───── Listed entries
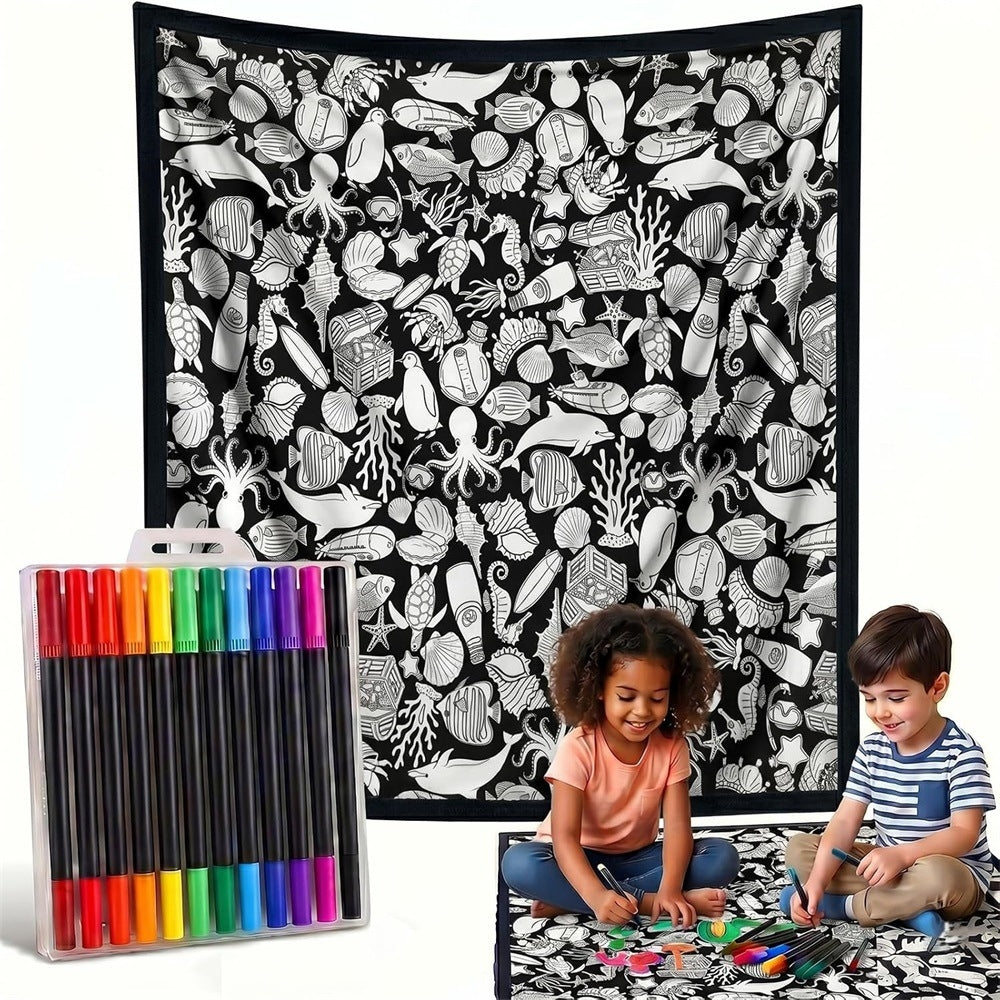 DIY Drawing Blanket – Customizable Plush Doodle & Coloring Blanket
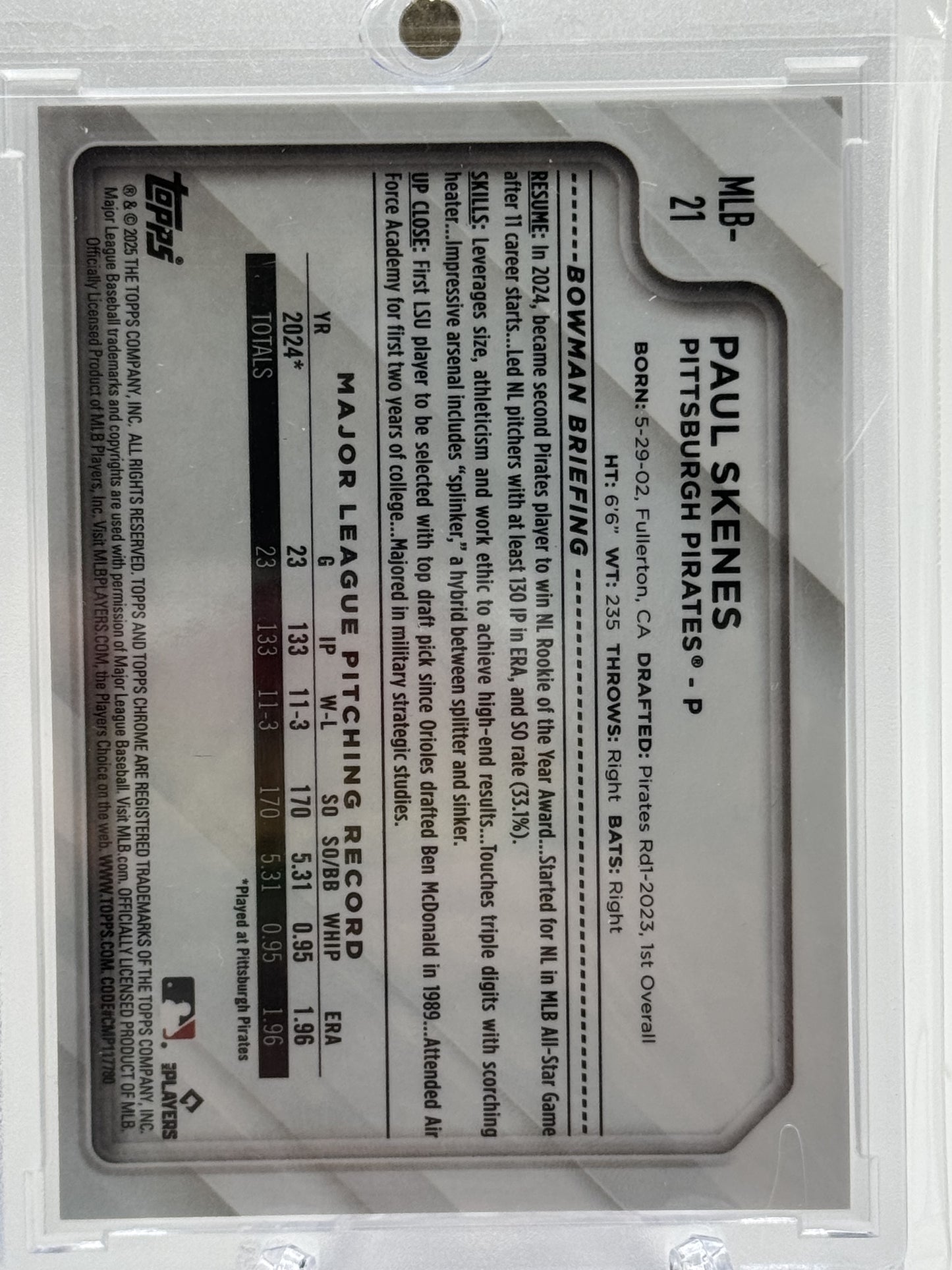 2025 Topps Chrome NSCC Wrapper Redemption Orange #MLB-21 Paul Skenes #18/25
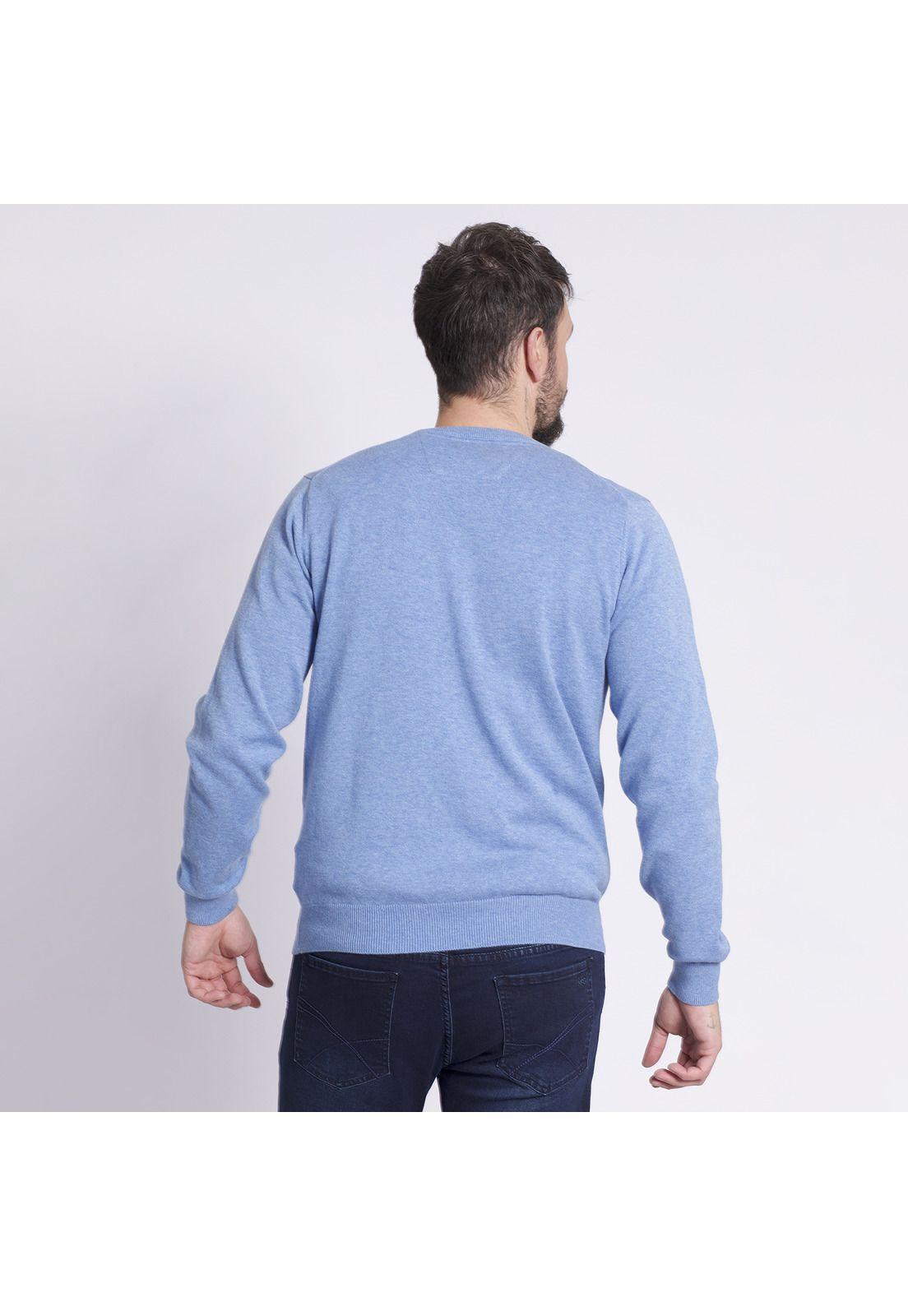 Sweater Cuello V Melange Celeste-2
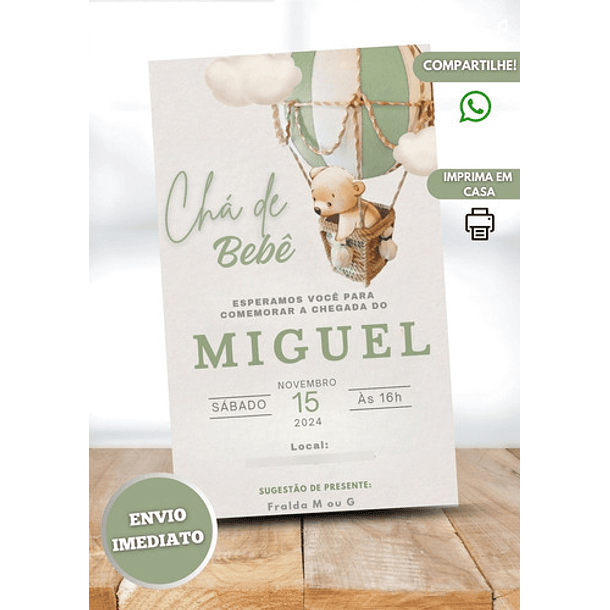 Convite Digital Chá De Bebê Ursinho Balão  Verde 2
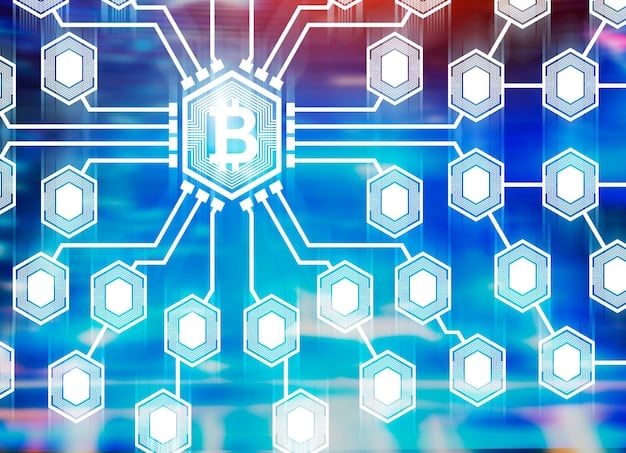 A detailed diagram showing encrypted data flows within a blockchain network, emphasizing security protocols and distributed ledger technology.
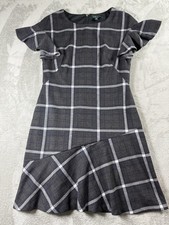 Lauren Ralph Lauren Womens Gray Plaid Dress 10 Tiered Window Pane Preppy Office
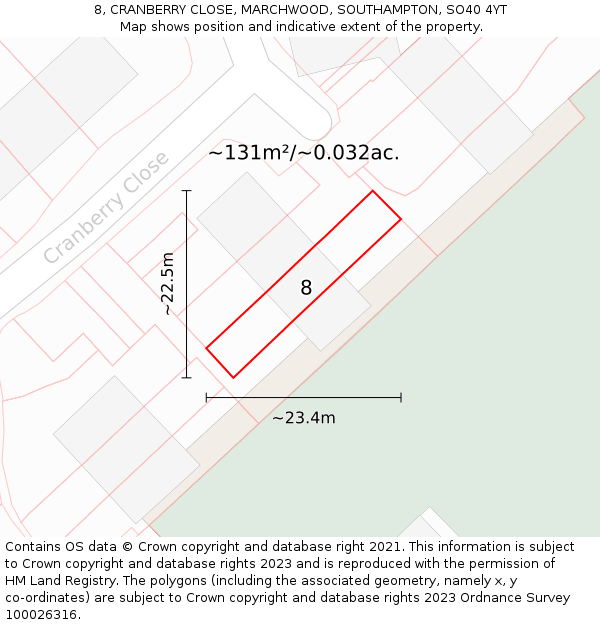 8, CRANBERRY CLOSE, MARCHWOOD, SOUTHAMPTON, SO40 4YT: Plot and title map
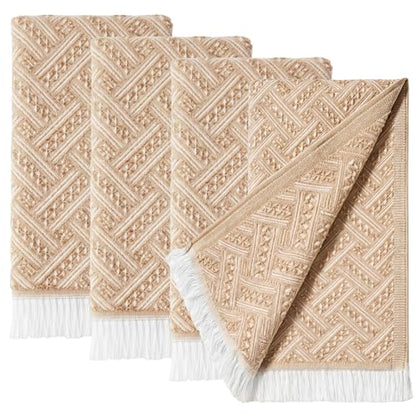 4-Pack Cotton Bathroom Hand Towels – Boho Cotton Hand Towel Set with Jacquard Weave & Fringe, 13"x29.1" Absorbent Soft Face Set for Kitchen, Bathroom, Guest Tea Gift (Brown, White) - color: Brown，white
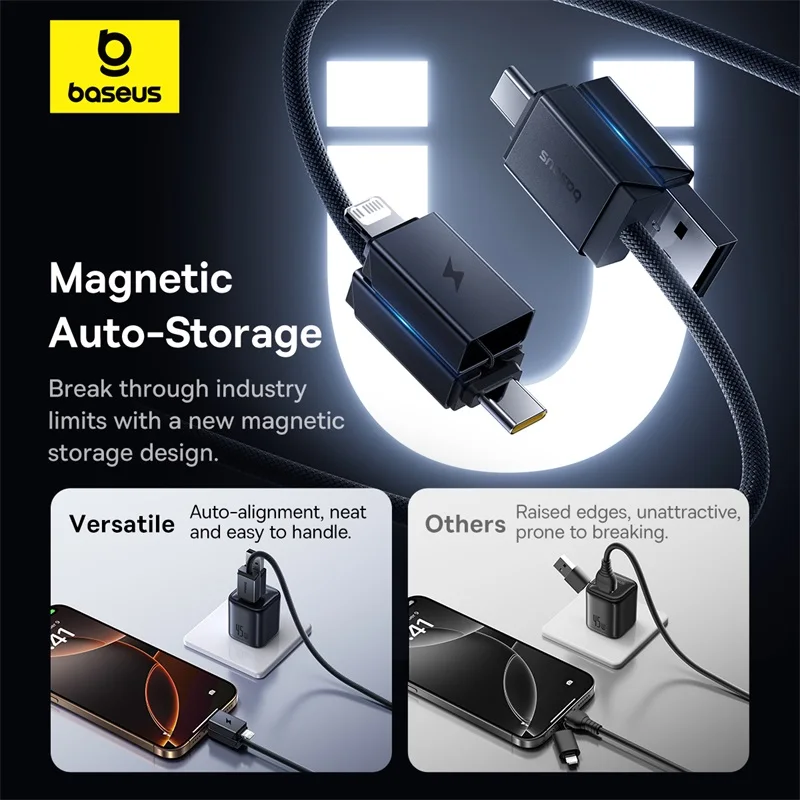 Cavo USB Baseus 4 in 1 per iPhone 15 16 Promax Cavo di ricarica rapida da 60 W per laptop iPad Pro Cavo di tipo C per Xiaomi Samsung  202192403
──────────
Retype each record exactly as it stands, but do not include the pictures.

Response.
 DIY Drawing Blanket – Customizable Plush Doodle & Coloring Blanket
 2025 Topps Chrome NSCC Wrapper Redemption Orange #MLB-21 Paul Skenes #18/25
 Sweater Cuello V Melange Celeste-2
 Convite Digital Chá De Bebê Ursinho Balão  Verde 2
 A detailed diagram showing encrypted data flows within a blockchain network, emphasizing security protocols and distributed ledger technology.
 Lauren Ralph Lauren Womens Gray Plaid Dress 10 Tiered Window Pane Preppy Office
 8, CRANBERRY CLOSE, MARCHWOOD, SOUTHAMPTON, SO40 4YT: Plot and title map
 4-Pack Cotton Bathroom Hand Towels – Boho Cotton Hand Towel Set with Jacquard Weave & Fringe, 13"x29.1" Absorbent Soft Face Set for Kitchen, Bathroom, Guest Tea Gift (Brown, White) - color: Brown，white
 Cavo USB Baseus 4 in 1 per iPhone 15 16 Promax Cavo di ricarica rapida da 60 W per laptop iPad Pro Cavo di tipo C per Xiaomi Samsung  202192403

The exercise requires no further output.